Sadly, many Christians and churches have chosen one of two options:
- To concede to the worlds denial of absolute truth and make the Bible more ‘acceptable,’ more ‘accommodating,’ more ‘flexible’ by changing the Truth in Scripture, to make it and the church more appealing.
- Or, become inward focused and rather than reach out to the lost world around them with the Truth of Jesus Christ, they choose to just huddle up and talk about the way things used to be.
And folks, I hope you feel the same way I do…
- Neither of those choices are acceptable!
- Neither of those choices honor God!
- Neither of those choices will help build God’s kingdom.
This morning we’ll discover that the only acceptable choice, in a world that is ‘Post-truth’ is
- To be bearers of the light of Truth, reflecting Jesus Christ to all.
- And to proudly bear a family resemblance to our Lord and Savior, Jesus Christ.
Transition: Open your Bibles to Luke 8:16. For it’s there I hope we’ll honestly and humbly ask the question: Mirror, mirror on the wall… Do you see Christ in me at all?
- Luke 8:16-18 Light bearing
Read: Luke 8:16-18
Allow me to take note of some of the details of the text, before we see how it all fits together.
First, let’s start with context.
- These verses follow Jesus’ parable of the sower.
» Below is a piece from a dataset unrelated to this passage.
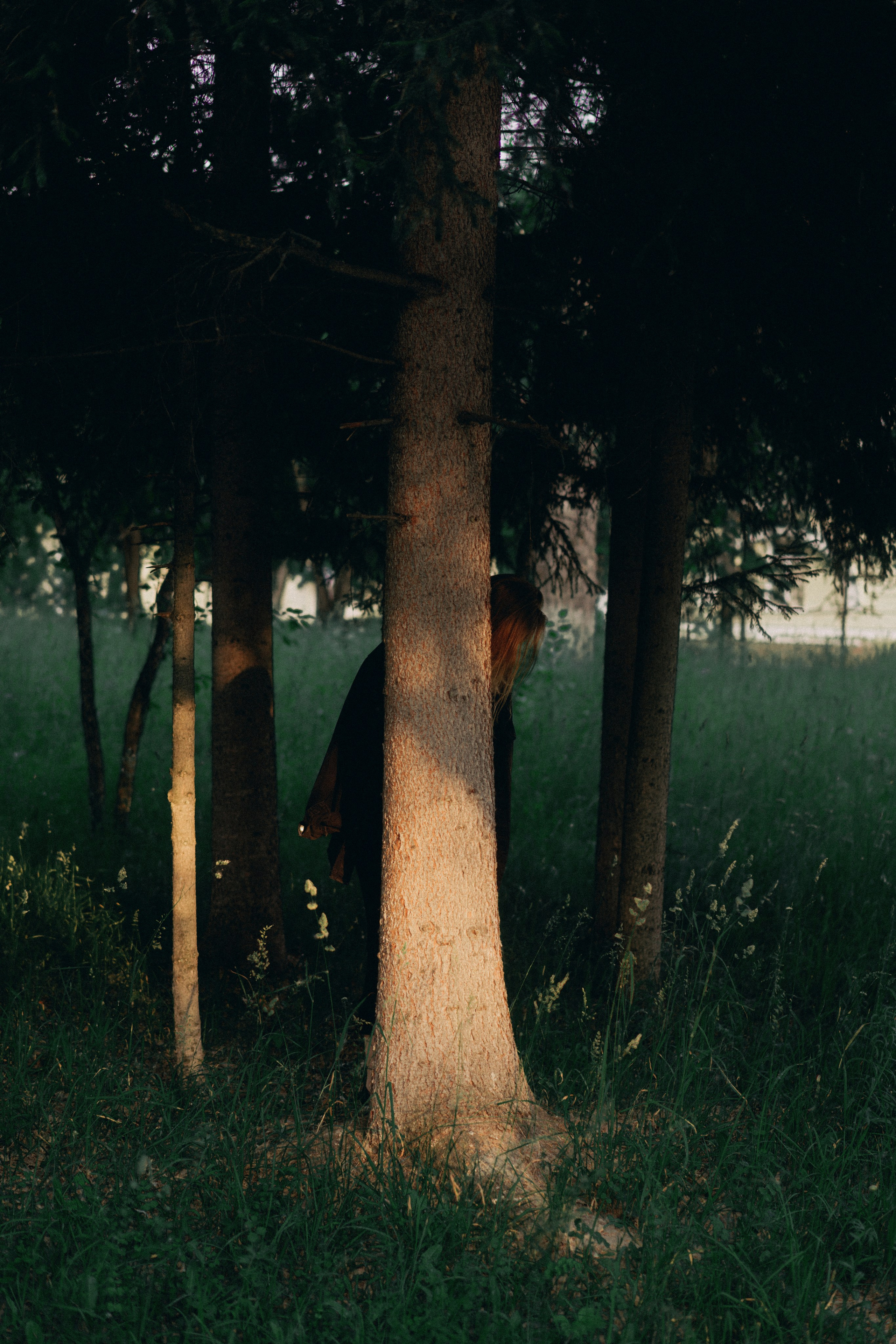 Элина. Veronika Popadeikina Photographer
And are directly related to it. To rightly understand what Jesus is saying we need to read it in light of verses 4-15.
Second, light in Scripture is almost always associated with Truth, God’s Truth.
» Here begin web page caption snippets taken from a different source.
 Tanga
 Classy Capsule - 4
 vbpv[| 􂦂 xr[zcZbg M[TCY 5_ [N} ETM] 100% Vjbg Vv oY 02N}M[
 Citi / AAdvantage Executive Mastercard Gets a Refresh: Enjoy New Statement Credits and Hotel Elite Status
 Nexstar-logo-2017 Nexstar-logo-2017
- Either it’s a reference to God’s Word.
- Or it’s a reference to Jesus, Who is Truth manifested in human form.
Third, verse 17 For nothing is hidden that will not be made manifest, nor is anything secret that will not be known and come to light. Since the context is the parable of the sower, this verse must be read in light of the good news of the kingdom found in verse 10 that says: To you it has been given to know the secrets of the kingdom of God.
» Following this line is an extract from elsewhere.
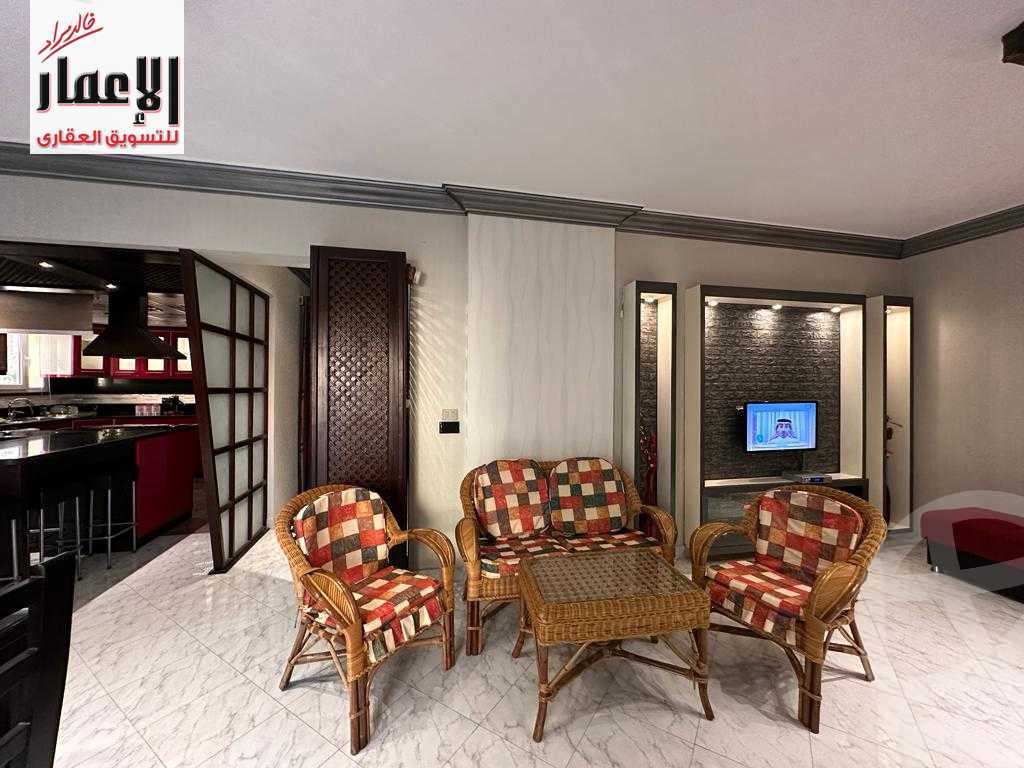 https://aqarmap.com.eg/en/listing/4266249-for-rent-golf-2-nestoria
OK, those are the details, let’s take a look at how it all fits together.
Jesus is telling His disciples and those who believed in Him and followed Him that He expects there to be fruit in the lives of those who are His by faith… we get that from verse 15.
In verses 16-18, He tells them another parable.
- Not only does the seed of God’s Word sown in good soil provide fruit:
- It’s fruit that everyone, everywhere, should see.
That’s why Jesus uses the illustration of a lamp, and the light it provides to places that are dark. Jesus doesn’t want His followers to think that He wants to keep the truths of the Kingdom to just a select few.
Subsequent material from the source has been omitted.